[Data records]
========
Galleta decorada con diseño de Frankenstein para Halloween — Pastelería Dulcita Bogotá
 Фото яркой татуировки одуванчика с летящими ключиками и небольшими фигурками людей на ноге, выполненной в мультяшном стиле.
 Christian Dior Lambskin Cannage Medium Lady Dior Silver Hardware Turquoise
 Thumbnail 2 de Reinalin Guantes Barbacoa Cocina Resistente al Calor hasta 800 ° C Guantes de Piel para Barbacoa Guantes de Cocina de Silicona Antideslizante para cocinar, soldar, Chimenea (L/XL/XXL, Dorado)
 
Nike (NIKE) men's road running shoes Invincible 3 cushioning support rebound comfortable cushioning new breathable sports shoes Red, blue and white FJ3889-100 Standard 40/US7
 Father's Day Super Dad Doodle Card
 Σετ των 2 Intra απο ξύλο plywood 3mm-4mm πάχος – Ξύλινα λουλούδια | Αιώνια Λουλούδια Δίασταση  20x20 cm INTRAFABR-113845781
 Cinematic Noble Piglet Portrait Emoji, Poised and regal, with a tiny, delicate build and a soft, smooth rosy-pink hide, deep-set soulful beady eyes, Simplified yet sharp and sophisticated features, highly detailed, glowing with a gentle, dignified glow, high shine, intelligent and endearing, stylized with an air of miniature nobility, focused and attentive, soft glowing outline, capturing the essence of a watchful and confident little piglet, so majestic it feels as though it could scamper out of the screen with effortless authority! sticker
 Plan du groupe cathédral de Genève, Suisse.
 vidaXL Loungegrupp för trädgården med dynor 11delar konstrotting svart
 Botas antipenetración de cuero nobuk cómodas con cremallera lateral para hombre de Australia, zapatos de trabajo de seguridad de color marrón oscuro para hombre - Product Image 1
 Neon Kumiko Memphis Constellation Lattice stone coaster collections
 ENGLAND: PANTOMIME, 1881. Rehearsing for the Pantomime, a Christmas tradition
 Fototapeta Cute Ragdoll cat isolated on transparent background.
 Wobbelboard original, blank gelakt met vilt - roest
========
EXERCISE DESCRIPTION:
Extract from the records above the lines from the one containing "Botas antipenetración de" to the one containing "Neon Kumiko Memphis", both lines included, exactly as they appear and with nothing else.

OUTPUT OF THE EXERCISE:
 Botas antipenetración de cuero nobuk cómodas con cremallera lateral para hombre de Australia, zapatos de trabajo de seguridad de color marrón oscuro para hombre - Product Image 1
 Neon Kumiko Memphis Constellation Lattice stone coaster collections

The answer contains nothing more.